— EXERCISE INSTRUCTIONS —
Would you give the entries below again, precisely as they are written?

— DATA PROVIDED —

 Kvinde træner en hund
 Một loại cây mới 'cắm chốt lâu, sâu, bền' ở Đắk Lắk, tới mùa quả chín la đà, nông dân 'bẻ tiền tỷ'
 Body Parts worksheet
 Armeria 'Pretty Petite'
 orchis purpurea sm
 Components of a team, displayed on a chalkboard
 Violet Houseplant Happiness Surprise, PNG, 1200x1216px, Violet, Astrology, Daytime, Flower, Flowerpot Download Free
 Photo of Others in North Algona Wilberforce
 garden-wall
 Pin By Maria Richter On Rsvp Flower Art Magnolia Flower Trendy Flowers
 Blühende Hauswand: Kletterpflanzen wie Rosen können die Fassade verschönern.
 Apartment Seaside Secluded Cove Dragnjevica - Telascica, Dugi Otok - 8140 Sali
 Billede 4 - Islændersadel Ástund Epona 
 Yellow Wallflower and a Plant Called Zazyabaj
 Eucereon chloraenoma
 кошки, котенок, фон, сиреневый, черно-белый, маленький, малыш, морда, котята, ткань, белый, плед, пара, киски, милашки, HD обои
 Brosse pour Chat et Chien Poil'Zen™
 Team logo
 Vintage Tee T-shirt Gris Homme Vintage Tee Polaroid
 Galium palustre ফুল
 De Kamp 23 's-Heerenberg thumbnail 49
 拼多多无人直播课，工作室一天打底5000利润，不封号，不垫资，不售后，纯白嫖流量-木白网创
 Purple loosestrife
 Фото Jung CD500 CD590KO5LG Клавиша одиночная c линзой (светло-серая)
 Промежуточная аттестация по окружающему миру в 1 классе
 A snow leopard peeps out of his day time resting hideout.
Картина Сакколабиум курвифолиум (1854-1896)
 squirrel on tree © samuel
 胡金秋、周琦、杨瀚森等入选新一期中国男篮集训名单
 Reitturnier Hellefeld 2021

— RESULT OF THIS EXERCISE —
 Kvinde træner en hund
 Một loại cây mới 'cắm chốt lâu, sâu, bền' ở Đắk Lắk, tới mùa quả chín la đà, nông dân 'bẻ tiền tỷ'
 Body Parts worksheet
 Armeria 'Pretty Petite'
 orchis purpurea sm
 Components of a team, displayed on a chalkboard
 Violet Houseplant Happiness Surprise, PNG, 1200x1216px, Violet, Astrology, Daytime, Flower, Flowerpot Download Free
 Photo of Others in North Algona Wilberforce
 garden-wall
 Pin By Maria Richter On Rsvp Flower Art Magnolia Flower Trendy Flowers
 Blühende Hauswand: Kletterpflanzen wie Rosen können die Fassade verschönern.
 Apartment Seaside Secluded Cove Dragnjevica - Telascica, Dugi Otok - 8140 Sali
 Billede 4 - Islændersadel Ástund Epona 
 Yellow Wallflower and a Plant Called Zazyabaj
 Eucereon chloraenoma
 кошки, котенок, фон, сиреневый, черно-белый, маленький, малыш, морда, котята, ткань, белый, плед, пара, киски, милашки, HD обои
 Brosse pour Chat et Chien Poil'Zen™
 Team logo
 Vintage Tee T-shirt Gris Homme Vintage Tee Polaroid
 Galium palustre ফুল
 De Kamp 23 's-Heerenberg thumbnail 49
 拼多多无人直播课，工作室一天打底5000利润，不封号，不垫资，不售后，纯白嫖流量-木白网创
 Purple loosestrife
 Фото Jung CD500 CD590KO5LG Клавиша одиночная c линзой (светло-серая)
 Промежуточная аттестация по окружающему миру в 1 классе
 A snow leopard peeps out of his day time resting hideout.
Картина Сакколабиум курвифолиум (1854-1896)
 squirrel on tree © samuel
 胡金秋、周琦、杨瀚森等入选新一期中国男篮集训名单
 Reitturnier Hellefeld 2021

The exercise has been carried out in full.